# [DATA FOR ANALYSIS]
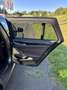 BMW 530 530d xDrive Touring G31 Grau - thumbnail 15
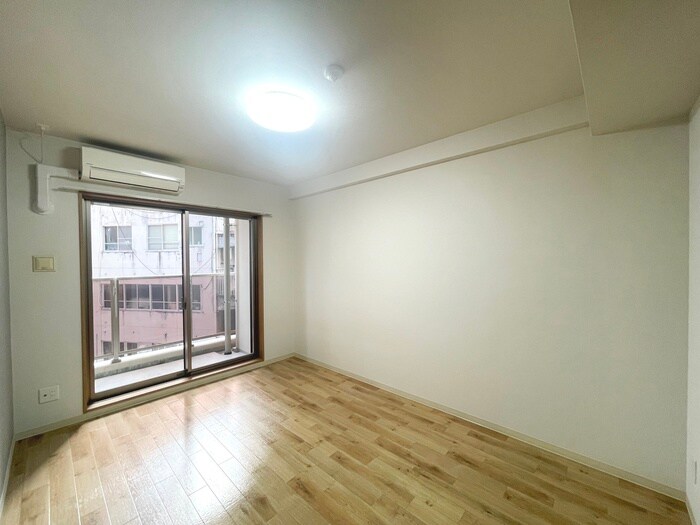 HF仙台本町レジデンスの物件内観写真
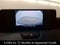2025 Mazda Mazda CX-90 Select Package
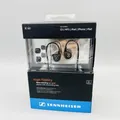 Produktbild: Sennheiser IE 60 Over-Ear Kopfhörer Japan Edition gebraucht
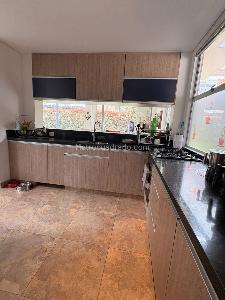 Casa en venta en Alcaparros Bosque Residencial, Cajicá · foto 15 de 20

# [AIM OF THE EXERCISE]
Each record is to be copied word for word, with no images carried over.

# [YOUR RESPONSE]
 BMW 530 530d xDrive Touring G31 Grau - thumbnail 15
 HF仙台本町レジデンスの物件内観写真
2025 Mazda Mazda CX-90 Select Package
 Produktbild: Sennheiser IE 60 Over-Ear Kopfhörer Japan Edition gebraucht
 Casa en venta en Alcaparros Bosque Residencial, Cajicá · foto 15 de 20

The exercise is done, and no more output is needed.